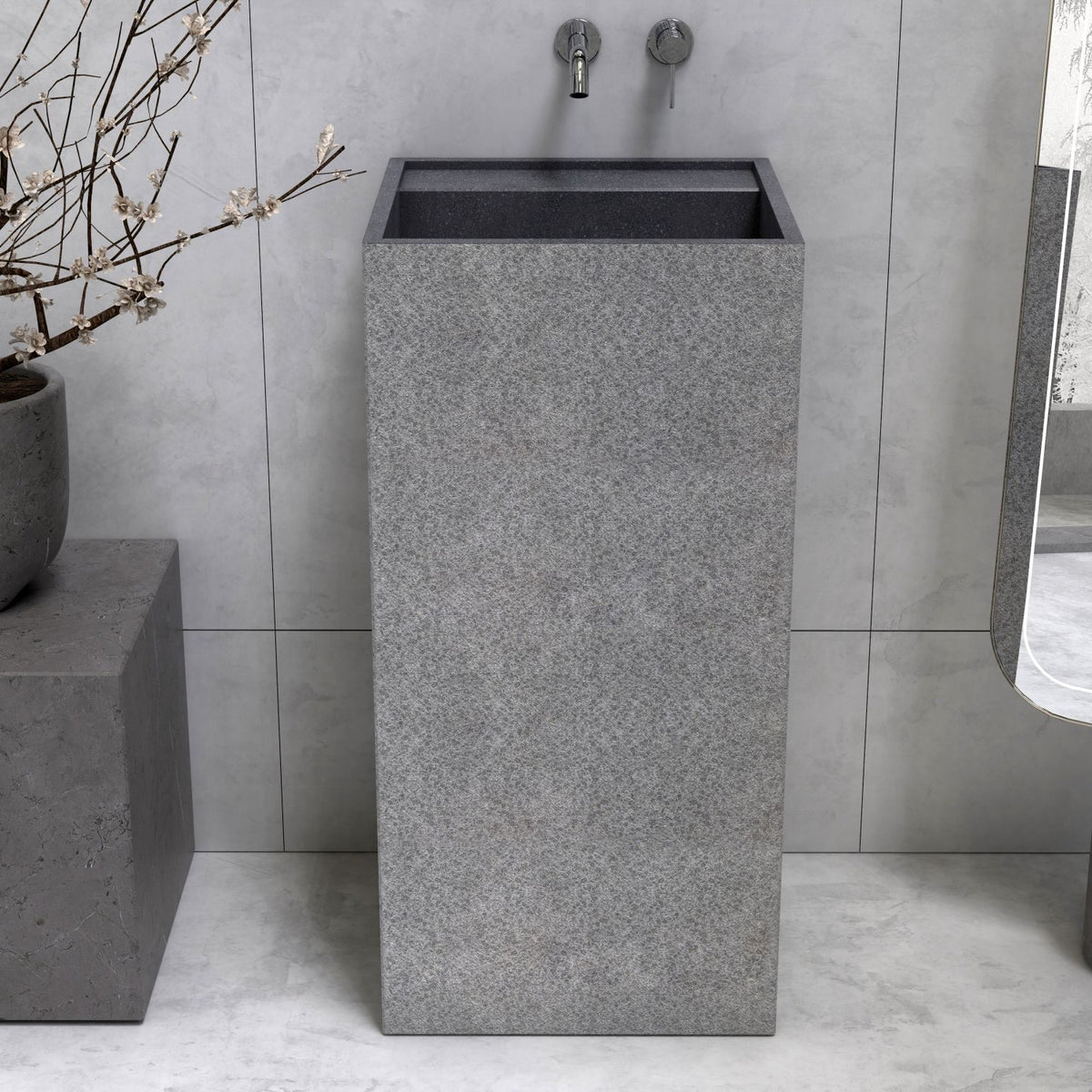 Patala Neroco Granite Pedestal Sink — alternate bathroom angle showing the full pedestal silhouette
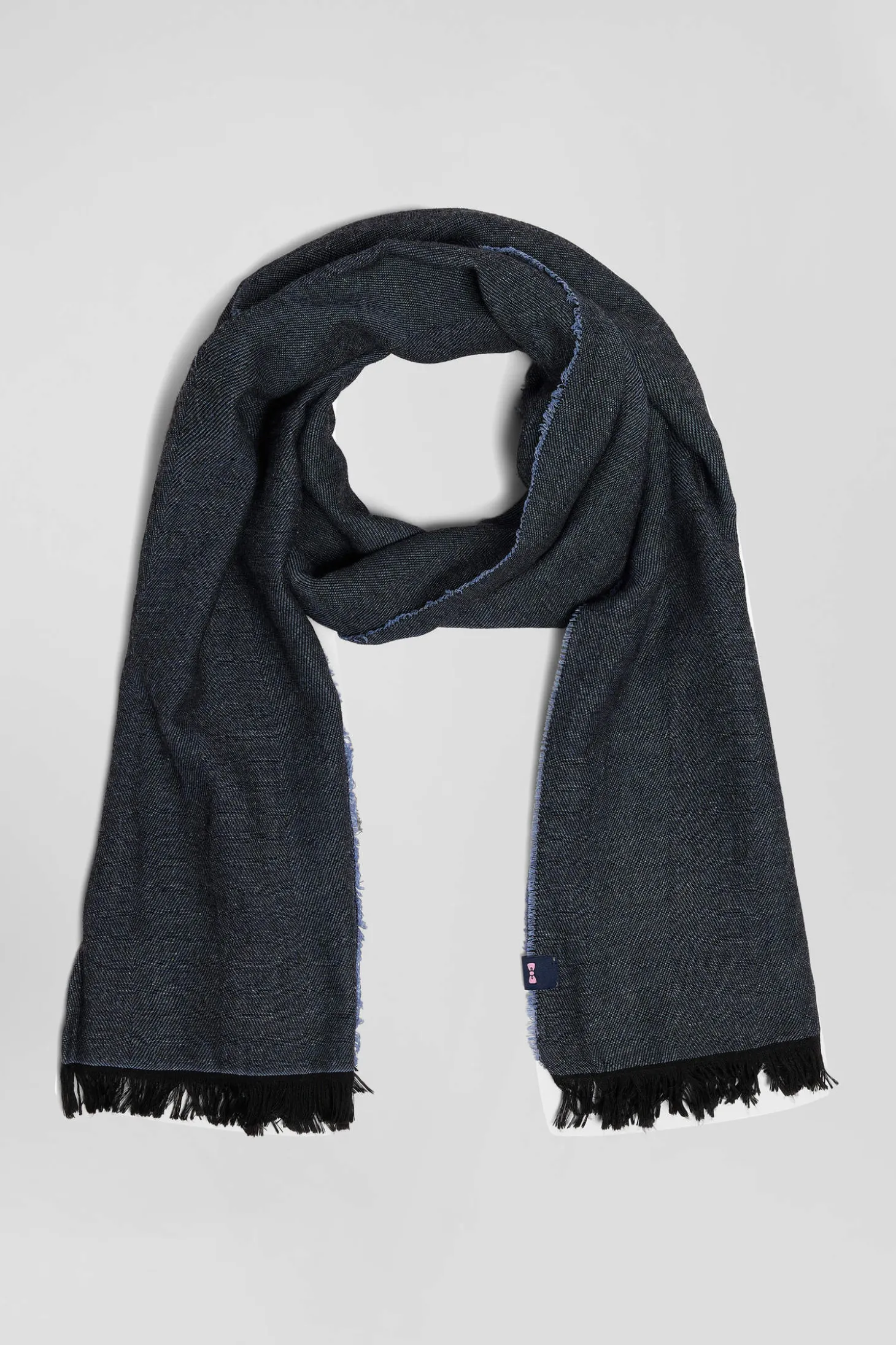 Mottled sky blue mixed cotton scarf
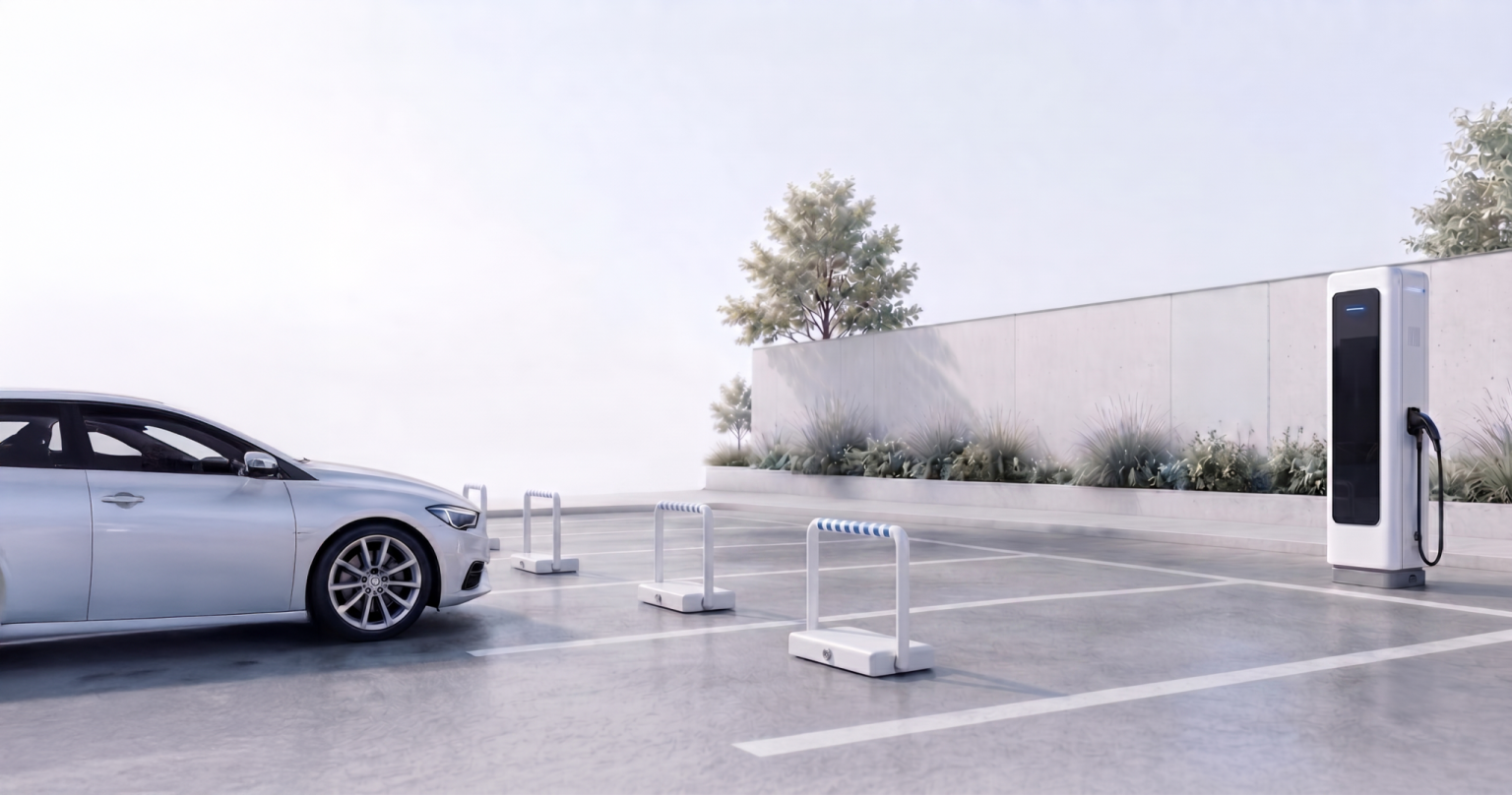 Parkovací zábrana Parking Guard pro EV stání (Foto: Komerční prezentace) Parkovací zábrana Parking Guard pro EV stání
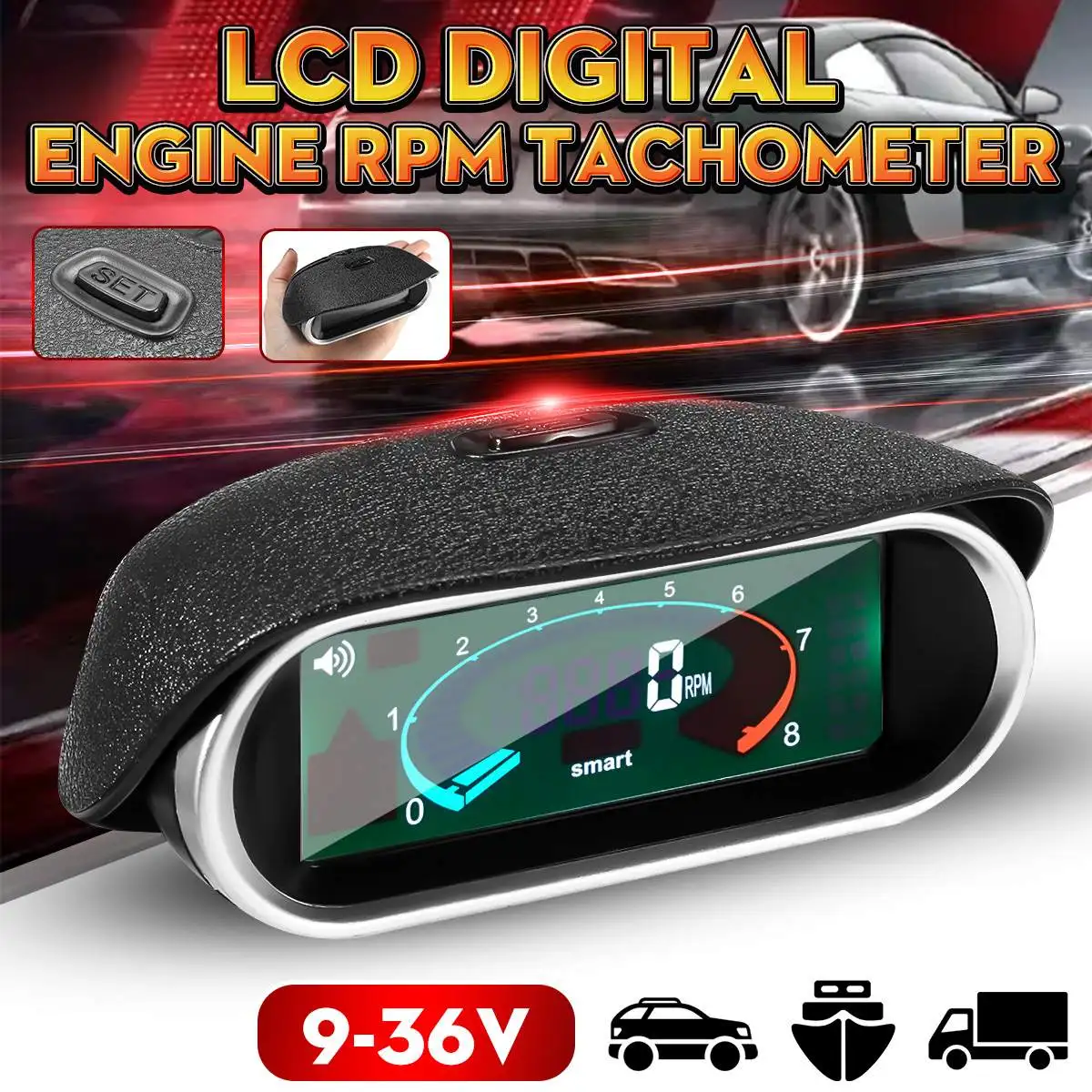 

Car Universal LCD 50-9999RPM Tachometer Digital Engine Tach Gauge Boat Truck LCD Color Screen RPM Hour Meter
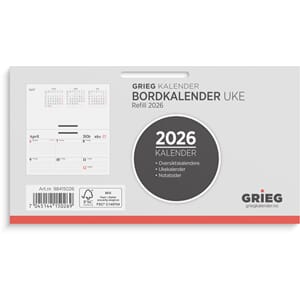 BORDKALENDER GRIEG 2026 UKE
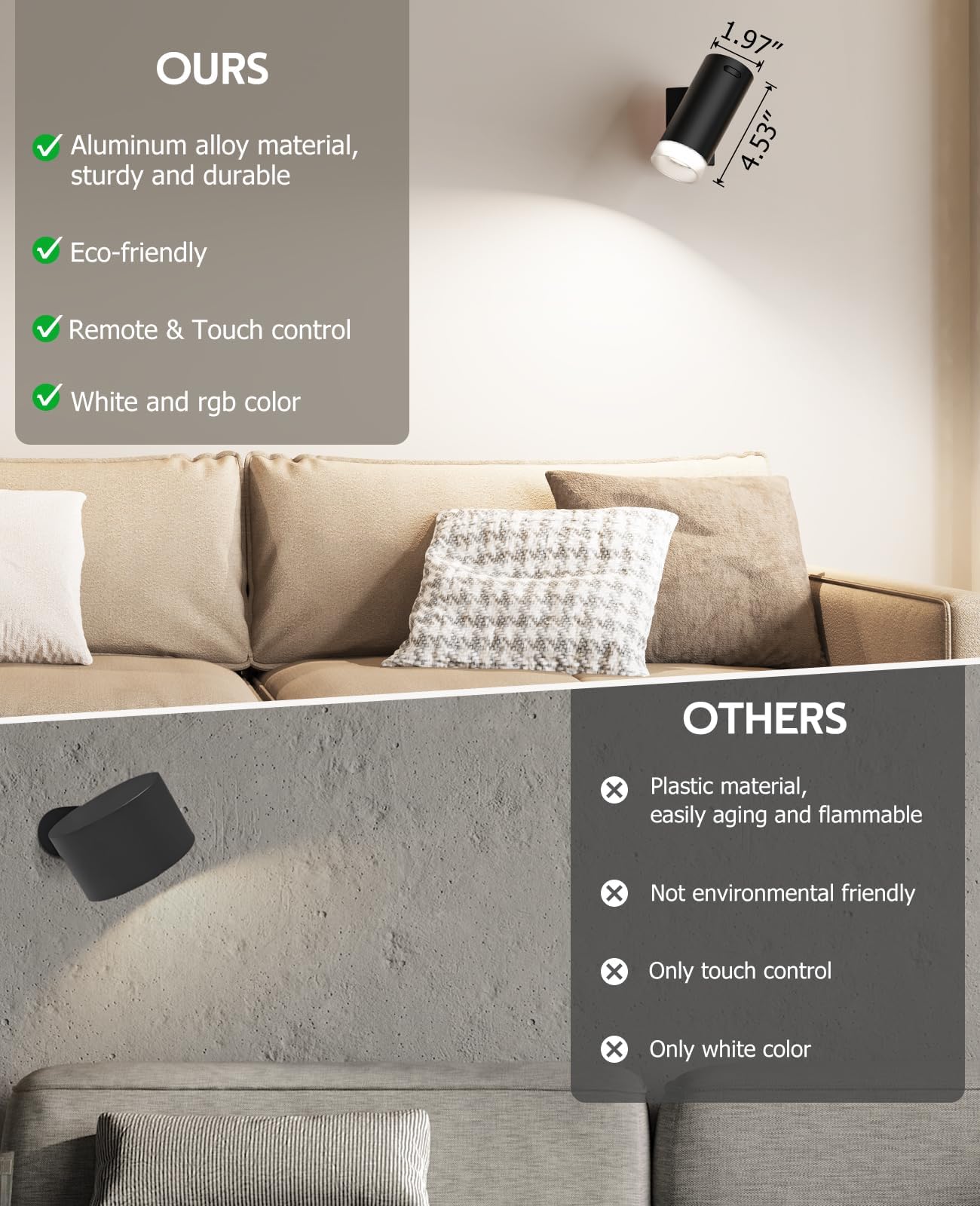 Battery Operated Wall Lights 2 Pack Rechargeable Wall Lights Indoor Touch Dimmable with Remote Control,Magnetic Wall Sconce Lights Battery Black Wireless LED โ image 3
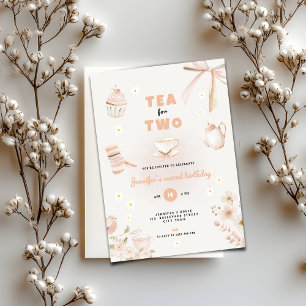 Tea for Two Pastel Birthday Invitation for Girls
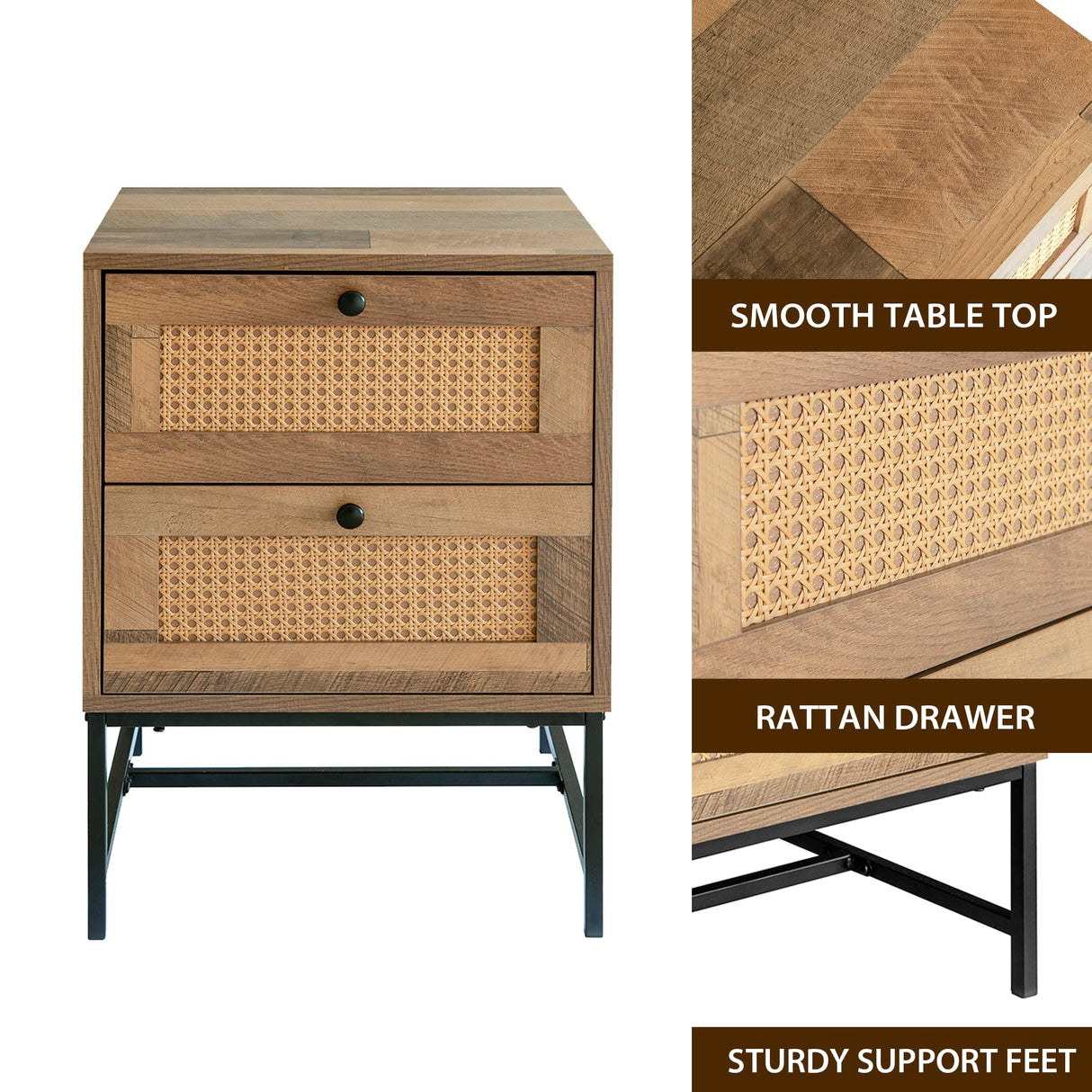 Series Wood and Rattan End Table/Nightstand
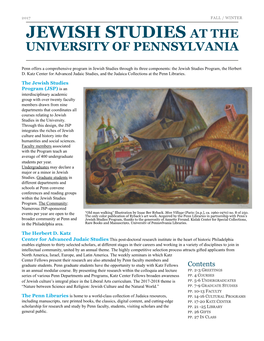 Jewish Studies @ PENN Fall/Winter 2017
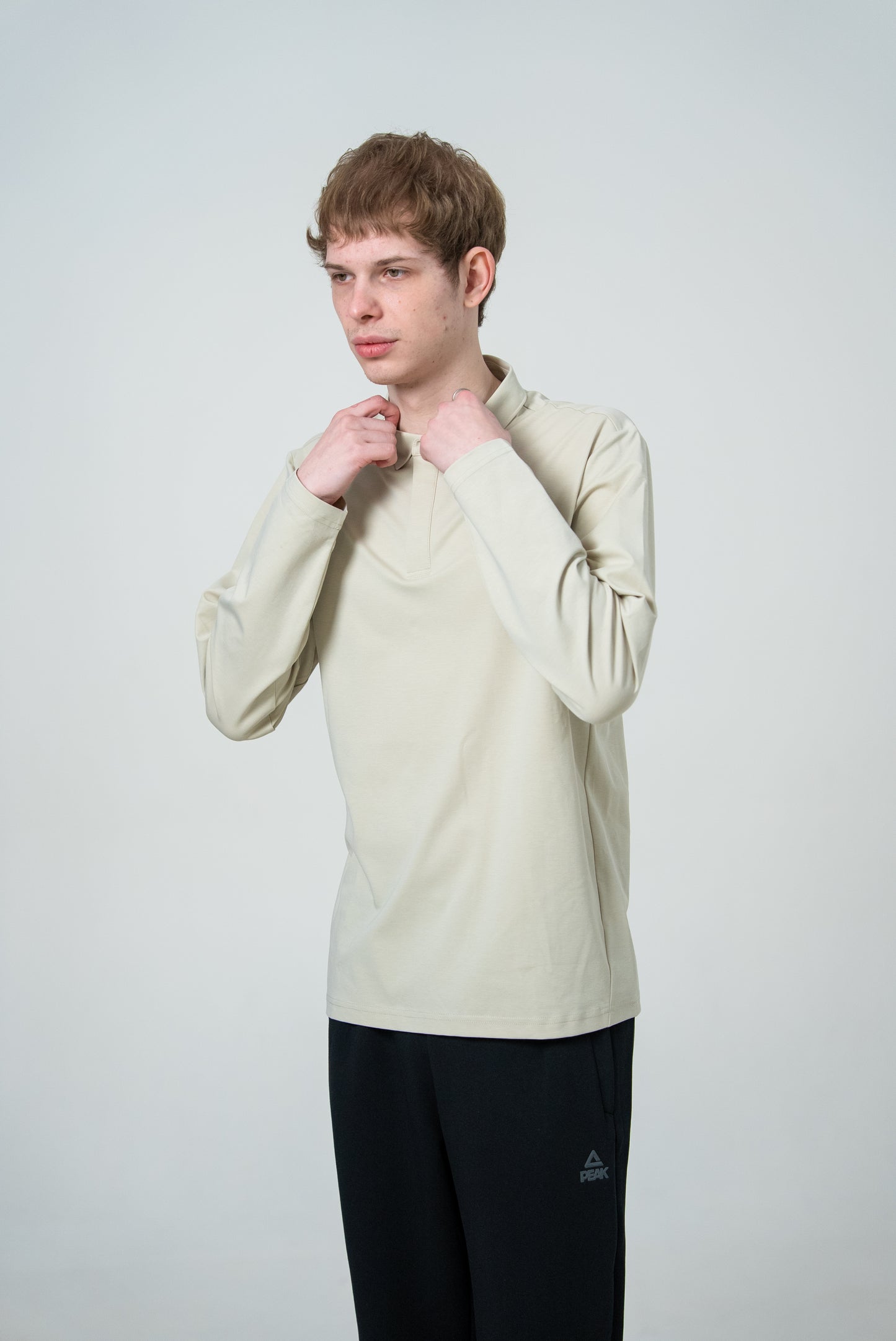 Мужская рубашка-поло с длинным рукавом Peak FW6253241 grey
::::::::
• **What you should do**
The lines from the start of the records above through the line that holds "Parkovací zábrana Parking Guard pro EV stání (Foto: Komerční" are to be copied exactly, both ends included, and no pictures are to be copied.

• **Answer box**
 Patala Neroco Granite Pedestal Sink — alternate bathroom angle showing the full pedestal silhouette
 Mottled sky blue mixed cotton scarf
 Parkovací zábrana Parking Guard pro EV stání (Foto: Komerční prezentace) Parkovací zábrana Parking Guard pro EV stání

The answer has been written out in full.